*Records excerpted from a collection:*
^^^^^^^^^^^^^^^^
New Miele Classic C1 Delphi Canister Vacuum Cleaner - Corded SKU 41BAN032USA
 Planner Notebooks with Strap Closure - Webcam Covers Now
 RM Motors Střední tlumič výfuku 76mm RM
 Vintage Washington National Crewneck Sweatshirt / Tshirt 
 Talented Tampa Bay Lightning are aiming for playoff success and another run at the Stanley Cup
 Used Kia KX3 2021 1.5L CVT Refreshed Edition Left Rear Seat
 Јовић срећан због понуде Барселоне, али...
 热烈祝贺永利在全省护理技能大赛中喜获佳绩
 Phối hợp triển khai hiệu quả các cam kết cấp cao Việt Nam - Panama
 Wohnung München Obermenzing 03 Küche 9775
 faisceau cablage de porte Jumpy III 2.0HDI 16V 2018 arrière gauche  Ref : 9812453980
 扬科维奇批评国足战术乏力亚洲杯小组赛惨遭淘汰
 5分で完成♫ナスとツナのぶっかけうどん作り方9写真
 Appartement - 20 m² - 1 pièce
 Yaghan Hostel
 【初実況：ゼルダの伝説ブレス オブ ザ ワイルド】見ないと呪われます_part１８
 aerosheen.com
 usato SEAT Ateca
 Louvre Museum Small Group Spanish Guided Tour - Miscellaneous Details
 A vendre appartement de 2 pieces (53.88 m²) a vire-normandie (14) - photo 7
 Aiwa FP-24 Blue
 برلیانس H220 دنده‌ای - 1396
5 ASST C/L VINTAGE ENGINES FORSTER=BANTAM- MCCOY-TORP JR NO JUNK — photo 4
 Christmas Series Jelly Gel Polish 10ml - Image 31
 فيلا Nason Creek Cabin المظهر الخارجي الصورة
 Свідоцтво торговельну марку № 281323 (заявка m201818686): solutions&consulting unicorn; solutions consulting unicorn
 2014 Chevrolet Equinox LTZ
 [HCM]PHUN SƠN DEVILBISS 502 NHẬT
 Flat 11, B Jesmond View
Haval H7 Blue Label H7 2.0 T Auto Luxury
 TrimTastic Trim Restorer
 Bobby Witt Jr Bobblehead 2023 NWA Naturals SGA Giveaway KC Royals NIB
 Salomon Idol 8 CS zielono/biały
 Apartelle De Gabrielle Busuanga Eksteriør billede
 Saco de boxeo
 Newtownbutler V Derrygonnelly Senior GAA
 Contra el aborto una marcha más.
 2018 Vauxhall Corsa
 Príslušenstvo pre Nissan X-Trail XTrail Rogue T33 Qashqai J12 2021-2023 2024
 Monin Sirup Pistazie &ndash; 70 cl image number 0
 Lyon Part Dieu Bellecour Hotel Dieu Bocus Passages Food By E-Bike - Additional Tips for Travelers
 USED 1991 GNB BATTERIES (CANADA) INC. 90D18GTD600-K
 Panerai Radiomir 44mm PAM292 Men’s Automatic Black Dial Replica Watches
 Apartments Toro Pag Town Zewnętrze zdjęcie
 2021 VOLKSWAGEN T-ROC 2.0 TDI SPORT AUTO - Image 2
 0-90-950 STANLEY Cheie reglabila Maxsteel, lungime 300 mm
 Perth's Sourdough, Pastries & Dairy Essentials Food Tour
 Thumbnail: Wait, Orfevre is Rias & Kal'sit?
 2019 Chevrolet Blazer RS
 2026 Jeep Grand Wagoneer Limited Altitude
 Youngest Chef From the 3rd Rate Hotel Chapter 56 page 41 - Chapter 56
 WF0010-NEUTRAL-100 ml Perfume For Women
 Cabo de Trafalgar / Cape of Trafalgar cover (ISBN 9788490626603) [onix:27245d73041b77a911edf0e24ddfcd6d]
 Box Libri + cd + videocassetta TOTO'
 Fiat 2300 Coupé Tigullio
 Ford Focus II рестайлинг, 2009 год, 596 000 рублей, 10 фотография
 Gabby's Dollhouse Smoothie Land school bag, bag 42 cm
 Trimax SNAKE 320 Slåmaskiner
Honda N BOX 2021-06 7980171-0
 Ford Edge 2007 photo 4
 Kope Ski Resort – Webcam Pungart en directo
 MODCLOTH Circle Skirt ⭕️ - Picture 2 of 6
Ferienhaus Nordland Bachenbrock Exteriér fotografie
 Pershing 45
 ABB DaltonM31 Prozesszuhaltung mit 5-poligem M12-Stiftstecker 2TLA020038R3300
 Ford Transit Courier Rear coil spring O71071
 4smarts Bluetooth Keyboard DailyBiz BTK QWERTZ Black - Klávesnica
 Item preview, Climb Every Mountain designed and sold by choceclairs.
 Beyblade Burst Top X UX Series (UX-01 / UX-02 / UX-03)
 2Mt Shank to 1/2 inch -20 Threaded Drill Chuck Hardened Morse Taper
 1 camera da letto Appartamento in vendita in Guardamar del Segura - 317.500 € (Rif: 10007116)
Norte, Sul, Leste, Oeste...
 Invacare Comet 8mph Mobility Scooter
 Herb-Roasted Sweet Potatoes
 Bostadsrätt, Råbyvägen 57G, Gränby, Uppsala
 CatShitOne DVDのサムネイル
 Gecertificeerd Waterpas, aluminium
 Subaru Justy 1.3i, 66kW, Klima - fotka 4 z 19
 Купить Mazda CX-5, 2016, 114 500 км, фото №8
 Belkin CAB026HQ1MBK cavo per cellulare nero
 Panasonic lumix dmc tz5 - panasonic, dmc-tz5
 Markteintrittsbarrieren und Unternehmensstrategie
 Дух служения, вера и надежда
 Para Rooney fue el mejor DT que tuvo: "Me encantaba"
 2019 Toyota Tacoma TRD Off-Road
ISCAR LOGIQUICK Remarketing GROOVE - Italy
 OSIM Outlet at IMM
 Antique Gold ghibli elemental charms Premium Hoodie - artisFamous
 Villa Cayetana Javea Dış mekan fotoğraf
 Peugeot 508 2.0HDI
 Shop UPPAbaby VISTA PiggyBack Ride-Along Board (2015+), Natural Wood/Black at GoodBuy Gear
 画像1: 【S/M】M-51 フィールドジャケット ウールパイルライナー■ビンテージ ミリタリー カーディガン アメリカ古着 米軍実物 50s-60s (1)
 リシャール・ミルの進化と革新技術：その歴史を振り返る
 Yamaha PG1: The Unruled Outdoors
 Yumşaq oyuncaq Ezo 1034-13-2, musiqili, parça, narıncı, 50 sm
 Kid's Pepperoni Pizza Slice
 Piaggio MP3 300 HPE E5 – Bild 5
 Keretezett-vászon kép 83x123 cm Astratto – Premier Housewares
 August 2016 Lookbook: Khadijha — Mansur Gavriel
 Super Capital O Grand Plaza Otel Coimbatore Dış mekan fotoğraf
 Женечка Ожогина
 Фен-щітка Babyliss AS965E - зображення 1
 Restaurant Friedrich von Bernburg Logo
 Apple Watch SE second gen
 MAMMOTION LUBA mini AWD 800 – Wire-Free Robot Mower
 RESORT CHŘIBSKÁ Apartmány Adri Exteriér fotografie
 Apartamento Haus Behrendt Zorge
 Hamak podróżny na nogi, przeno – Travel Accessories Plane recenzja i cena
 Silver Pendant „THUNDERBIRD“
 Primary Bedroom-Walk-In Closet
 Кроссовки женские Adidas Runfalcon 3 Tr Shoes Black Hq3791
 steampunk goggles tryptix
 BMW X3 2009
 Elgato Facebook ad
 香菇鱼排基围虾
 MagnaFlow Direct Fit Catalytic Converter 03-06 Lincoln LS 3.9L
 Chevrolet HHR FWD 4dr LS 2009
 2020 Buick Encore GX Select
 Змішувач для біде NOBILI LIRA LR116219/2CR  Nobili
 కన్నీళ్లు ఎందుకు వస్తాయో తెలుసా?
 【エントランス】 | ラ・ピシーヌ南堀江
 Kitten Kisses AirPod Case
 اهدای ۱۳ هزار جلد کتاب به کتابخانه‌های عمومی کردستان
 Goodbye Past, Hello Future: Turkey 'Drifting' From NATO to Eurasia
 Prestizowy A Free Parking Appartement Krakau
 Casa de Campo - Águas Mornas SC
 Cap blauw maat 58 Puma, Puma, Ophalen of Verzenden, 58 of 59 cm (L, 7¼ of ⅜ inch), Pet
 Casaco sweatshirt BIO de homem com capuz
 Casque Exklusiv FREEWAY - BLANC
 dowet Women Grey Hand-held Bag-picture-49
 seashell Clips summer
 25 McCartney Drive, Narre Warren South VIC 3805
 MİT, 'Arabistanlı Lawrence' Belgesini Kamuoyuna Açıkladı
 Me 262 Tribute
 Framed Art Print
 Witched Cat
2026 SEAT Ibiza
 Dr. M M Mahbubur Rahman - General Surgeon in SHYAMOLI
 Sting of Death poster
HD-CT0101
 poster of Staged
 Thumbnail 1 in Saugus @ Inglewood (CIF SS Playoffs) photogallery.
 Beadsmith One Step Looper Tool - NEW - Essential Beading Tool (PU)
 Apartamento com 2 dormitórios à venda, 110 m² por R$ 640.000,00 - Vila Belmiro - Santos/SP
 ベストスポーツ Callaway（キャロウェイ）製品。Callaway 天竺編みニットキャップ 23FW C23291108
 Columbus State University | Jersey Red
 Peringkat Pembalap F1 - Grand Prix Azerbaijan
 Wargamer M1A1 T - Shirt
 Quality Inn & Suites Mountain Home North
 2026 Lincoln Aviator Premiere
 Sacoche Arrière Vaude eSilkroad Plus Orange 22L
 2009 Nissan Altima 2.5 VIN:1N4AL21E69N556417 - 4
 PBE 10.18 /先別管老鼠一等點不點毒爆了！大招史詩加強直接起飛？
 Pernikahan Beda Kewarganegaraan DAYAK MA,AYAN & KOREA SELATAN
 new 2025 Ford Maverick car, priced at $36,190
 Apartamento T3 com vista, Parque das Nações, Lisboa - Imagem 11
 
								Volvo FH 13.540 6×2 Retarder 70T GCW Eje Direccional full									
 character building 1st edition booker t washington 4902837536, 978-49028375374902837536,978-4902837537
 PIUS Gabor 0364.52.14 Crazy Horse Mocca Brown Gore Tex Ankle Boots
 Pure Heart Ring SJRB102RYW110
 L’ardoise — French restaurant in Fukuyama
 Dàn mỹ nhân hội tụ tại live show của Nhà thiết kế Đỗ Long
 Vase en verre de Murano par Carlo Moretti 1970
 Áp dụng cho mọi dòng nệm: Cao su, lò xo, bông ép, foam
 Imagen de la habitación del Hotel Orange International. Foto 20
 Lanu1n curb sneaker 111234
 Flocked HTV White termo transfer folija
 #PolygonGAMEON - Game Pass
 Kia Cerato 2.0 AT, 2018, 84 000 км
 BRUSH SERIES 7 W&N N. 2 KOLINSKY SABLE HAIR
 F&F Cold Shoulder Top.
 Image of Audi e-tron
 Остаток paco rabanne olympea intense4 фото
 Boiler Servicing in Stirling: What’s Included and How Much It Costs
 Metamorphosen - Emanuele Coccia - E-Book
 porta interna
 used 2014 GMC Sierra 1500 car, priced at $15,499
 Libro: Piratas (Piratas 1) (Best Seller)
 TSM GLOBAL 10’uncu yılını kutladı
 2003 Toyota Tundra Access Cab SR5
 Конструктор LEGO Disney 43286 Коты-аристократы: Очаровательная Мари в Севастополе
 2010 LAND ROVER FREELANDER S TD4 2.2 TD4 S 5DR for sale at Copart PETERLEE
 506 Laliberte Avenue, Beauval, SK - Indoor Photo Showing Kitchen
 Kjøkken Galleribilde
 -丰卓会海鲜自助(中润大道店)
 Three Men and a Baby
^^^^^^^^^^^^^^^^
*TASK OBJECTIVE:*
What you return must be the lines above that run from the line with "Apartelle De Gabrielle" to the line with "Box Libri + cd + videocassetta TOTO'", inclusive, each copied exactly.

*FINISHED TASK:*
 Apartelle De Gabrielle Busuanga Eksteriør billede
 Saco de boxeo
 Newtownbutler V Derrygonnelly Senior GAA
 Contra el aborto una marcha más.
 2018 Vauxhall Corsa
 Príslušenstvo pre Nissan X-Trail XTrail Rogue T33 Qashqai J12 2021-2023 2024
 Monin Sirup Pistazie &ndash; 70 cl image number 0
 Lyon Part Dieu Bellecour Hotel Dieu Bocus Passages Food By E-Bike - Additional Tips for Travelers
 USED 1991 GNB BATTERIES (CANADA) INC. 90D18GTD600-K
 Panerai Radiomir 44mm PAM292 Men’s Automatic Black Dial Replica Watches
 Apartments Toro Pag Town Zewnętrze zdjęcie
 2021 VOLKSWAGEN T-ROC 2.0 TDI SPORT AUTO - Image 2
 0-90-950 STANLEY Cheie reglabila Maxsteel, lungime 300 mm
 Perth's Sourdough, Pastries & Dairy Essentials Food Tour
 Thumbnail: Wait, Orfevre is Rias & Kal'sit?
 2019 Chevrolet Blazer RS
 2026 Jeep Grand Wagoneer Limited Altitude
 Youngest Chef From the 3rd Rate Hotel Chapter 56 page 41 - Chapter 56
 WF0010-NEUTRAL-100 ml Perfume For Women
 Cabo de Trafalgar / Cape of Trafalgar cover (ISBN 9788490626603) [onix:27245d73041b77a911edf0e24ddfcd6d]
 Box Libri + cd + videocassetta TOTO'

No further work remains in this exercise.